India Inc is realising that it’s wiser to hold on to the goose that lays golden eggs, rather than to sell it, particularly if the price of gold is rising. In the first stage of the real estate boom a number of companies capitalised on their land assets by selling off them to developers. But now the companies are realising that there’s more money to be made out of retaining the real estate.
Many companies, including those in sectors such as apparel, jewellery and tobacco, are turning their physical assets into a long-term revenue generator by forming joint ventures with construction companies for development of the property, rather than bringing a one-time funds infusion into the balance sheet.
Take jewellery maker Rajesh Exports, for instance. The company, which has 32 properties spread across Bangalore and Kerala, took a board nod early this year for development of these properties. Rajesh Exports chairman Rajesh Mehta said in a statement: “We feel that even though the development may require time, it would be worth it as it would fetch very attractive valuations compared to selling of the land bank.”
He is not alone in taking a different view on real estate assets. Another one is cigarette maker GTC. The company, which has assets in prime locations in Mumbai, Hyderabad, Baroda etc, has already initiated moves to develop part of its assets. Its 2.75 acre land at Hyderabad, for instance, is being developed into a mall, which would include a four-screen multiplex.
In this property, GTC would own 50% of the built up area, while the entire investment for the development would be made by its partner. Says GTC chairman Sanjay Dalmia: “I don’t believe in selling land. We would rather add value by developing it through strategic joint ventures, thereby enhancing shareholder value.”

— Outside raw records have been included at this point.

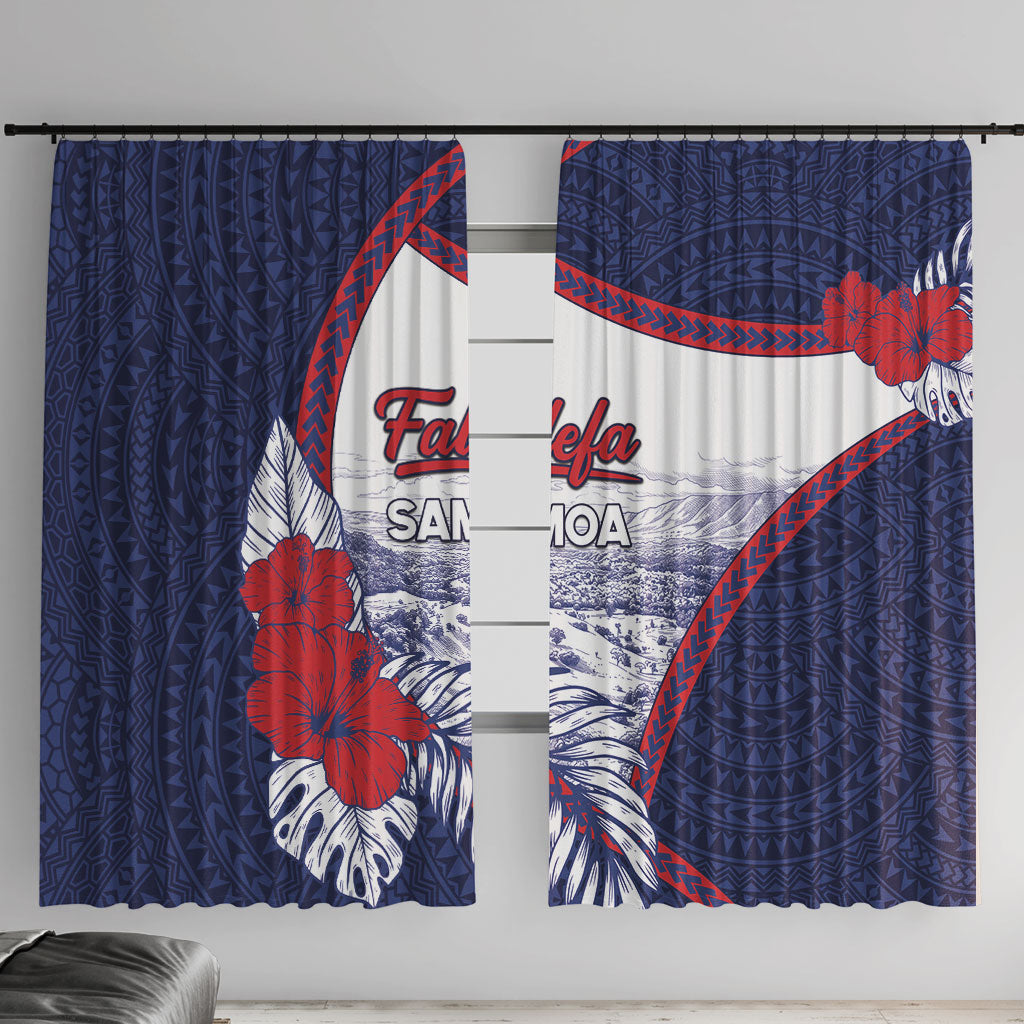 Falefa Samoa Village Window Curtain Valley Polynesian Tribal Hibiscus Floral DT05 With Hooks Navy - Polynesian Pride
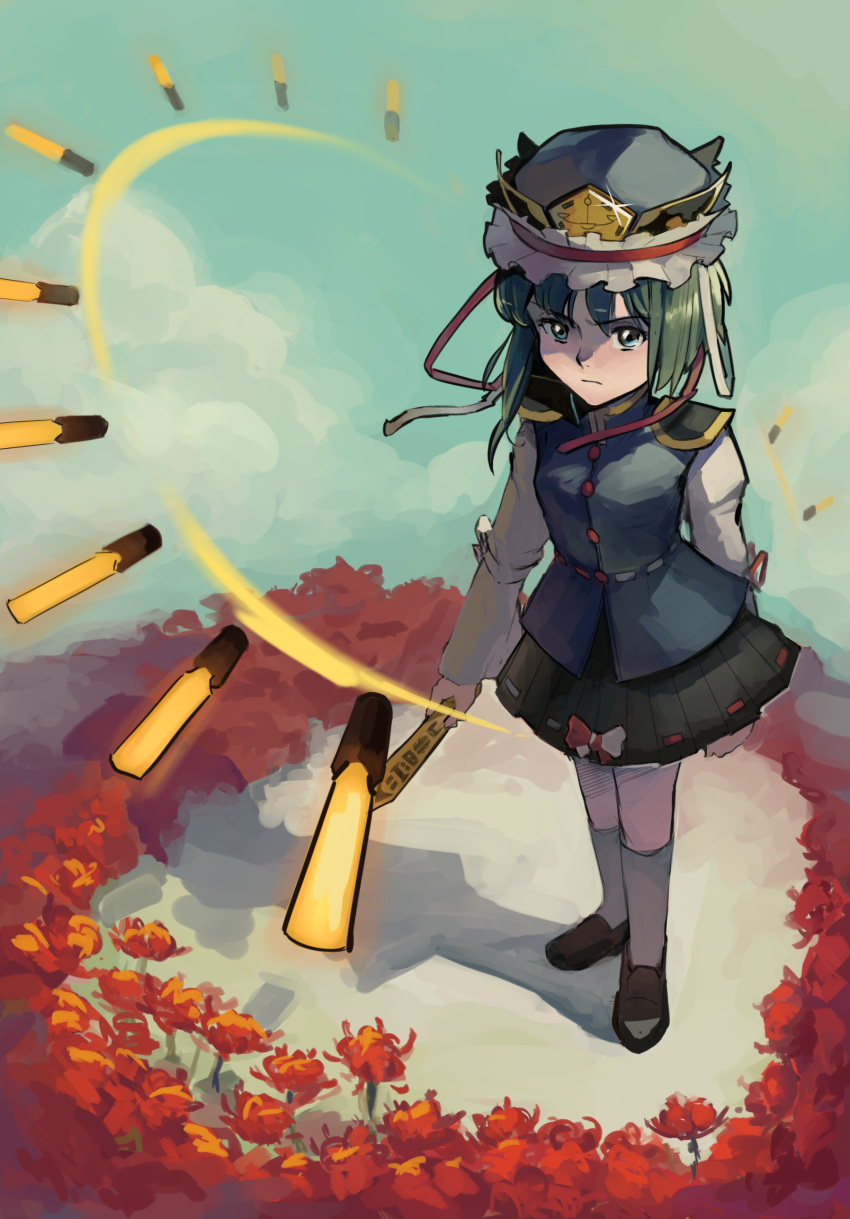 1girl asymmetrical_hair black_footwear black_skirt blue_eyes blue_headwear blue_sky blue_vest bow breasts buttons closed_mouth clouds danmaku epaulettes flower frilled_hat frills glint gold_trim green_hair hat hat_ribbon highres holding kornod long_sleeves looking_at_viewer medium_breasts miniskirt outdoors over-kneehighs red_bow red_ribbon ribbon ribbon-trimmed_skirt ribbon_trim rod_of_remorse shiki_eiki shoes short_hair skirt sky sleeve_bow socks solo spider_lily standing thigh-highs touhou vest white_bow white_ribbon white_socks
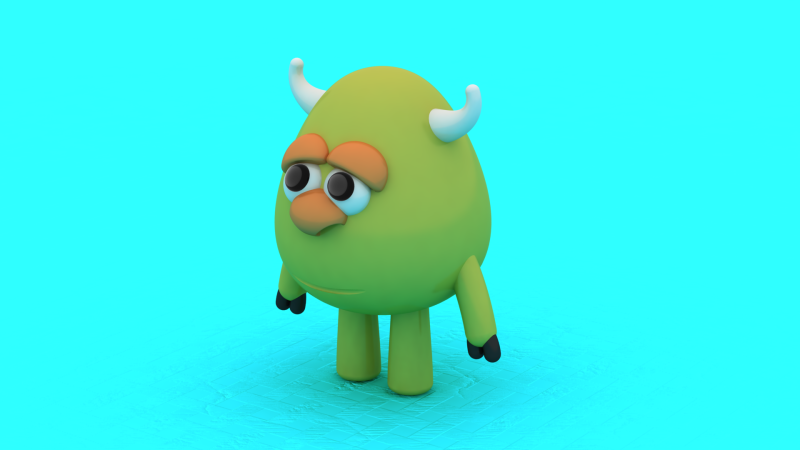 Cute Cartoon Monster 3D Print Model .c4d .max .obj .3ds .fbx .stl .blend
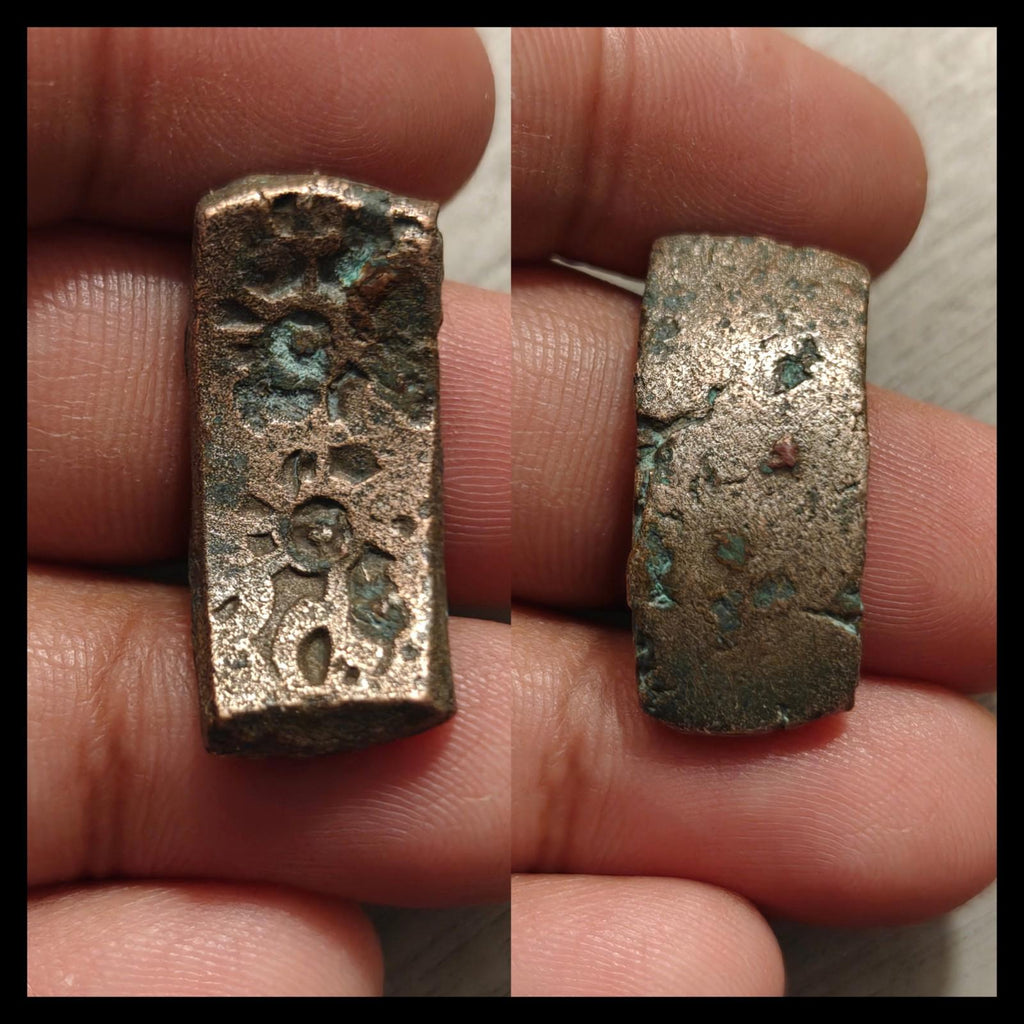 ⭐INDIA⭐. Ancient GANDHARA JANAPADA Authentic OLD 600 B.C Debased Coin Bent Bar.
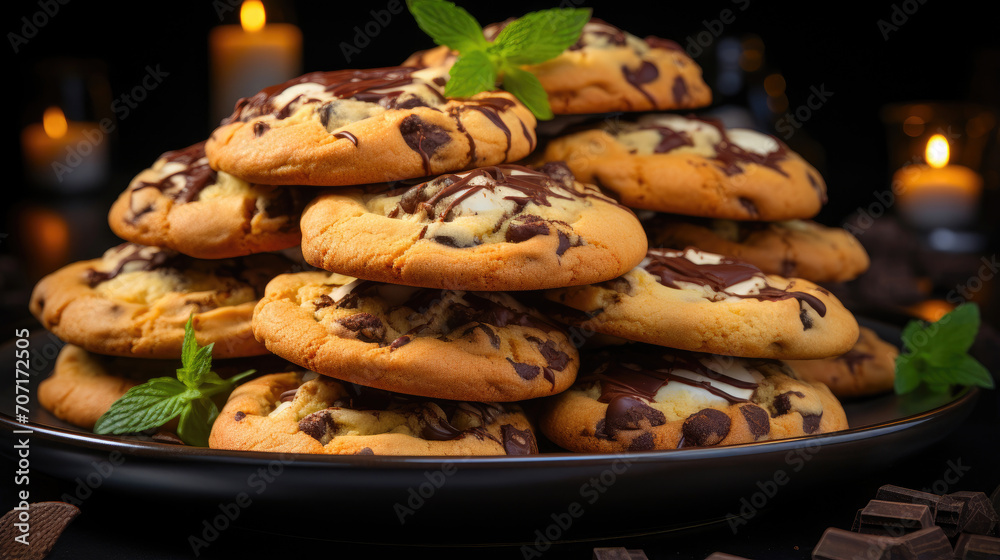 Sumptuous Chocolate Chip Goodies on Modern Plate Sumptuous Chocolate Chip Goodies on Modern Plate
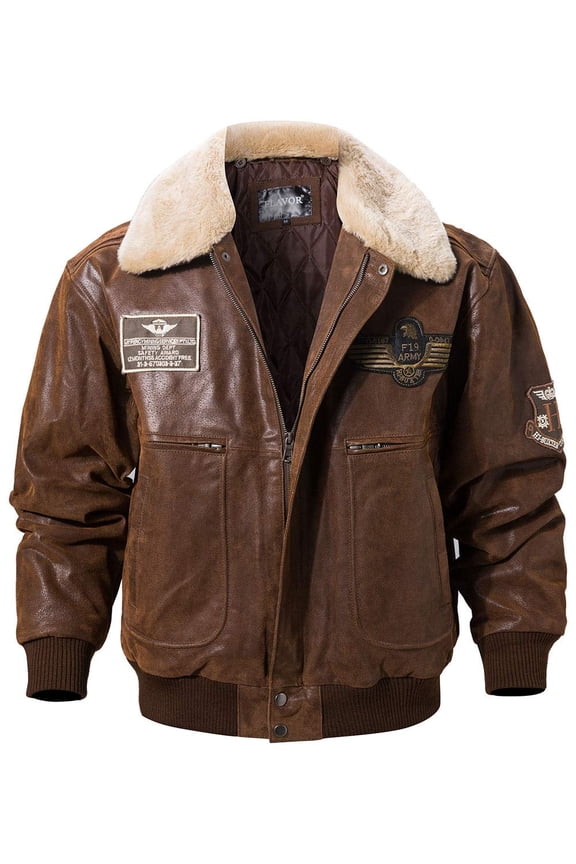 Men's Real Leather Bomber Jacket with Removable Collar Aviator (L, Brown)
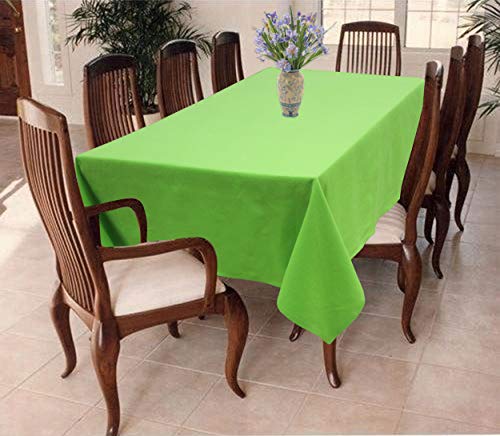 Image of AIRWILL 100% Cotton Solid Pattern 8 Seater Rectangle Table Cover Sized, 56x95 inches (Green, Pack of 1)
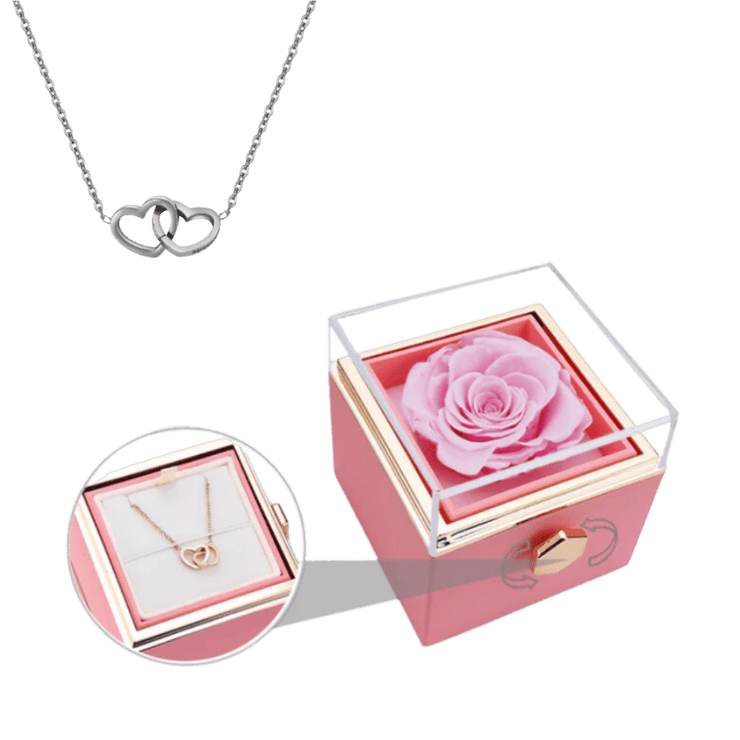HeartNecklace - Boîte À Roses Avec Collier Double Cœur Gravable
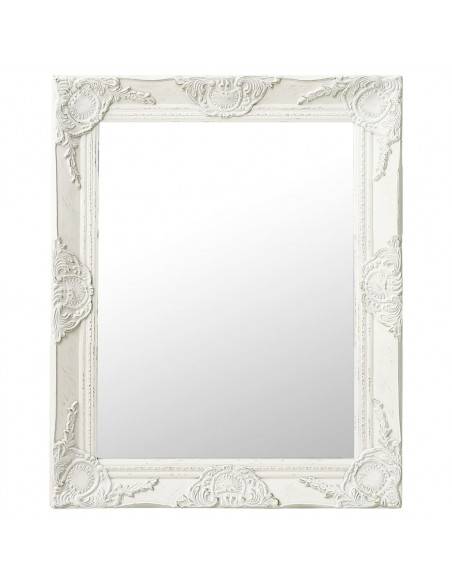 Specchio da Parete Stile Barocco 50x60 cm Bianco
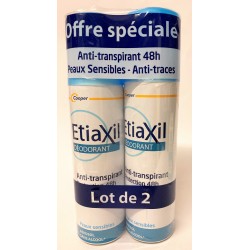Etiaxil - Déodorant Anti-transpirant 48h Peaux sensibles - Anti-traces (lot de 2 aérosols de 150 ml)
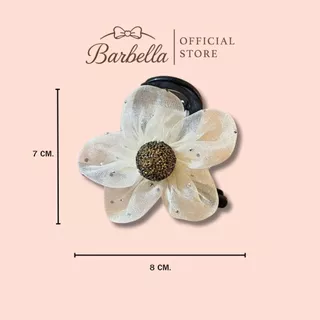 Barbella กิ๊บติดผมดอกไม้ ผ้าตาข่ายวิบวับ สไตล์เกาหลี หรูหรา รุ่น Bloomia (BB002)
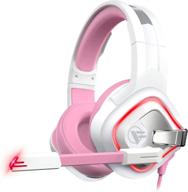 🎧 onfinio gaming headset: noise cancelling microphone, surround sound & led light - light pink | compatible with xbox one, ps4, ps5, pc, switch, mac, laptop логотип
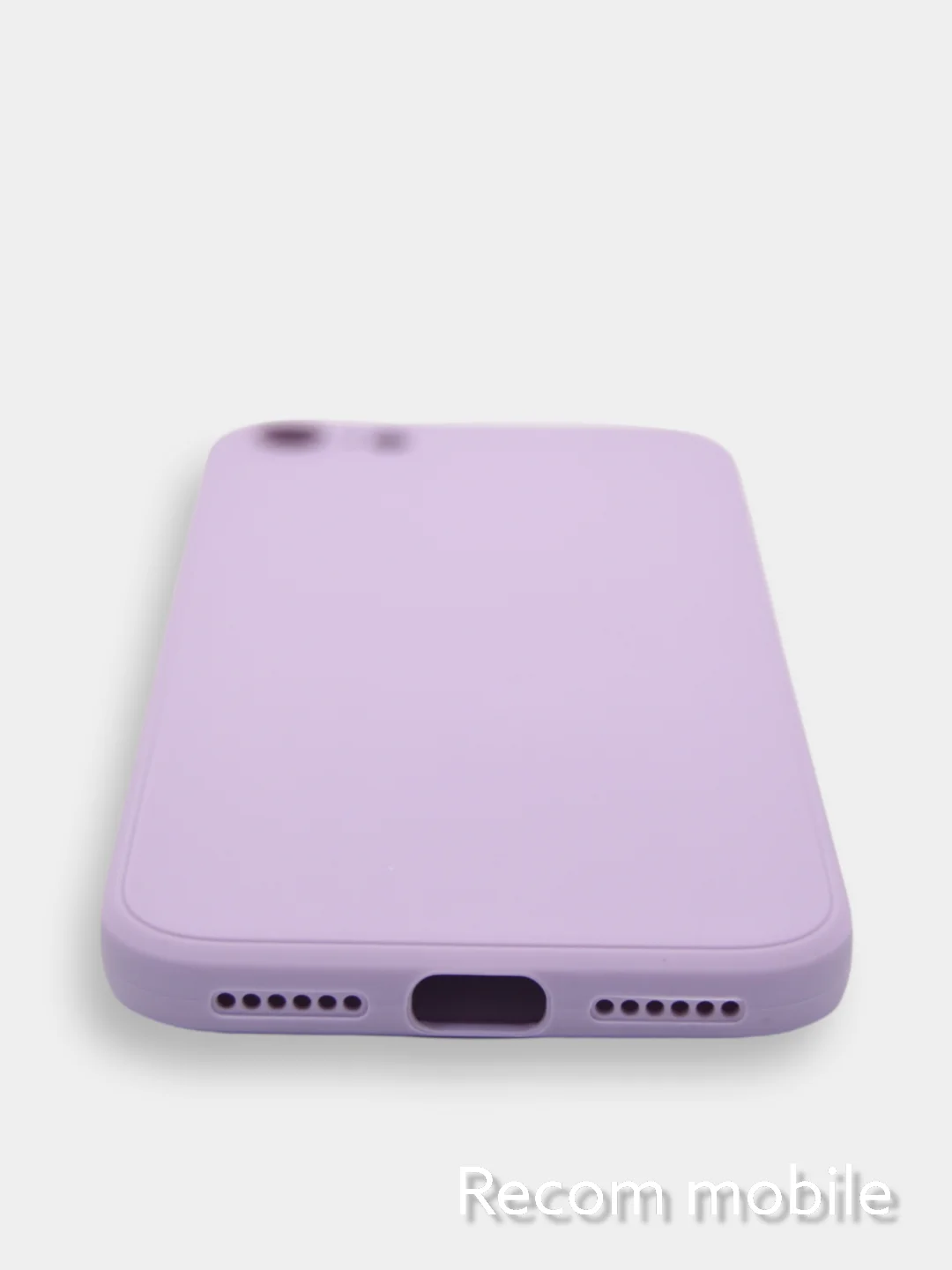 Лавандовый чехол для iPhone 7, 8, SE 2020 матовый силиконовый с закрытым низом и бархатом внутри
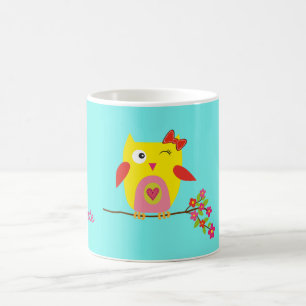 Personalisierte Niedliche Owl Yellow Pink Illustra Kaffeetasse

It’s the same scene in various other parts of the country. For instance, in Gurgaon, textile company House of Pearl Fashions (HOPF) recently entered into a 47.5: 52.5 joint venture for a commercial project on a 9-acre plot on the Delhi-Jaipur highway with Delhi-based real estate firm Ansal API. As per the deal, Ansal API would obtain the necessary government approvals and construct the property.
Similarly, Orient Craft, one of India’s largest textile exporters, entered into a collaboration with real estate firm Besteck for developing a 6 lakh sq ft IT space in Gurgaon. Transport Corporation of India (TCIL) and tobacco major DS group are also looking for long-term partnerships with realty firms.
“Going forward, this will be the most viable option for both, companies having surplus land assets as well as developers. While the developer does not have to block a one time capital, the land partner has a source of recurring earnings,” says CB Richard Ellis South Asia chairman & MD Anshuman Magazine.
Big real estate companies have a clear preference for outright ownership of land, but even they are waking up to partnerships as an alternative route to expand business. “Land is a scarce resource and is welcome in any form that it comes,” says Unitech managing director Sanjay Chandra.
It makes perfect sense too. According to market watchers, a property sale only brings in a one-time gain to the company, and it figures in overall earnings only for that particular year. Development of the property, on the other hand, they argue, tends to create a revenue source, which would reflect in all future earnings and provides reason for a re-rating of the company by investors.
There are also examples to show how those who sold out completely have lost out in returns. Industry experts say that on an average, returns from converting land as equity in real estate development would yield more than double the amount that accrues from the outright sale of land.
The most recent case was DLF’s acquisition of 38-acres from DCM Shriram Consolidated for a whopping Rs 1,675 crore. For DLF, this property is part of a larger 65 acres block. The real estate major estimates the project to yield Rs 12,000 crore in 2-3 years. Sources say that the entire project would be developed by DLF at an estimated investment of just about Rs 6,000-7,000 crore.
In Mumbai, the various textile mills that were sold-off to companies such as DLF and Indiabulls a few years ago, have already started yielding returns.